De acordo com Idec, desde agosto, quando a entidade passou a incidir sobre a tramitação da medida, foram feitas melhorias no PL do deputado Fabio Schiochet (PSL-SC). O projeto foi aprovado no mesmo mês, mas com substitutivo apresentado pelo relator, o deputado Hildo Rocha (MDB-MA). O novo texto garantiu contrapartidas para que os interessados em aderir à proposta seguissem também algumas regras para receber o dinheiro público. 

Entre os requisitos, as empresas deveriam, por exemplo, rever os contratos de transporte até 31 de dezembro de 2021 e estabelecer diretrizes para a redução gradual de emissões de poluentes tóxicos. O setor também ficaria proibido de conceder novas gratuidades nas tarifas que pudessem onerar os usuários pagantes. E os estados e municípios beneficiados deveriam adotar instrumentos para priorizar o transporte coletivo, como faixas de pedestres, ciclovias e sinalização. 

O PL também garantiu maior transparência aos dados do transporte coletivo operado pelas empresas. O projeto assegurava que a liberação dos recursos às empresas seria feita por etapas pelos estados e o DF. Os entes federados receberiam 30% do valor, equivalente a R$ 1,2 bilhão, e os municípios ficariam com o restante de 70%, ou R$ 2,8 bilhões.

Críticas ao veto

De acordo com o coordenador do programa de Mobilidade Urbana do Idec, Rafael Calabria, o projeto se tornou necessário também para ajudar a reduzir as lotações nos trens, metrôs e, principalmente, nos ônibus em meio a pandemia. Em carta enviada aos ministérios da Economia e do Desenvolvimento Regional, às vésperas do prazo final para sancionar o PL, o instituto alertou que a situação do setor de transportes “é grave nas cidades brasileiras e novas ondas da pandemia já estão ocorrendo”. “É preciso garantir o quanto antes a oferta de transporte público para a população, inclusive às pessoas que trabalham em serviços essenciais”, explicou Calabria no documento. 

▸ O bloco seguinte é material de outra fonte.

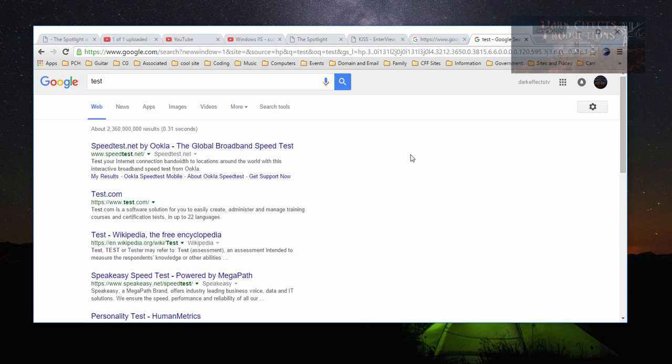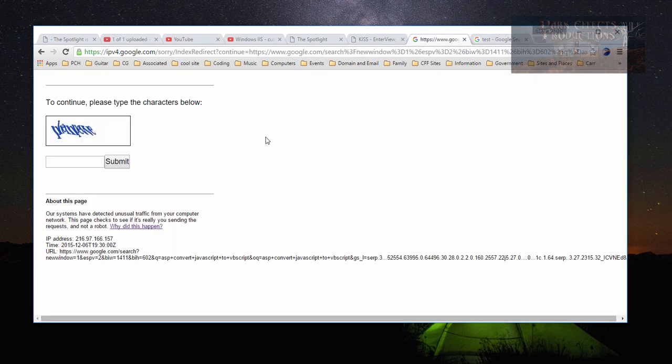I am Wayne Barron. This is DarkEffects.net inside of Google. Y'all have a good one now. Bye-bye.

Em nota nesta quinta, o Idec lamentou o veto do presidente. O Instituto lembra que os “problemas graves” são anteriores à pandemia, e adverte que a decisão “é prejudicial ao direito dos usuários de transportes”. “O governo joga fora a oportunidade de melhorar a mobilidade e a qualidade de vida nas cidades durante e após a pandemia”, contestou.

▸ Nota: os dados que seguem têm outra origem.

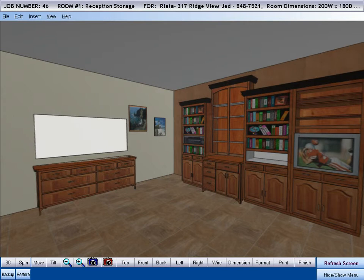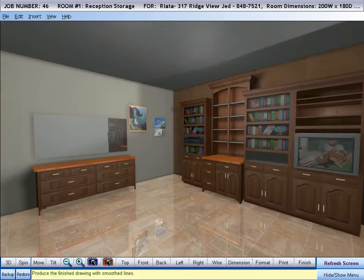Here's another example of our standard OpenGL graphics. For better visualization, we can turn this drawing into what we call our Premium Graphics by the press of a button. Cabinet Pro's Premium Graphics can have your customer be very impressed from the very first time you present your proposal.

As companhias que hoje operam os serviços de transporte adotam um modelo de remuneração baseado no pagamento de tarifa pelos passageiros. Esse modelo, como explica o Laboratório Espaço Público e Direito à Cidade (LabCidade), vinculado à Faculdade de Arquitetura e Urbanismo da Universidade de São Paulo (FAU-USP), já era responsável por problemas sérios, como a exclusão de acesso à parcela da população e a lotação dos veículos, já que o lucro das empresas está ancorado à quantidade de passageiros por viagens. 

A maior crise do setor

Contudo, na pandemia, esses problemas só se agravaram. As empresas perderam passageiros e receitas. Em contraponto, milhares de linhas deixaram de operar. O anuário da Associação Nacional das Empresas de Transportes Urbanos (NTU), divulgado em outubro, mostrou que o setor deixou de realizar 32 milhões de viagens por dia no auge da pandemia. E os passageiros que não puderam permanecer em home office passaram a circular em ônibus cada vez mais lotados em várias capitais do Brasil. 

De acordo o LabCidade, o correto seria que as empresas prestadoras fossem remuneradas pelo custo da viagem, o que também exigiria mais subsídio público. “Nenhum sistema de transporte coletivo no mundo opera sem subsídios”, destacaram as professoras da FAU-USP Paula Santora e Raquel Rolnik. 

Ao jornal l O Estado de S. Paulo, a ANPTrilhos declarou estar “indignada” com o veto. O presidente da entidade, Joubert Flores, disse que o setor é “relegado pelas autoridades” na “sua pior crise”. De acordo com a ANPTrilhos, o transporte coletivo não está sendo capaz de “suportar os graves impactos” causados pelos efeitos da pandemia. A decisão passa agora o cargo dos deputados e senadores. O Congresso ainda pode derrubar o veto do presidente e garantir o auxílio financeiros às empresas prestadoras.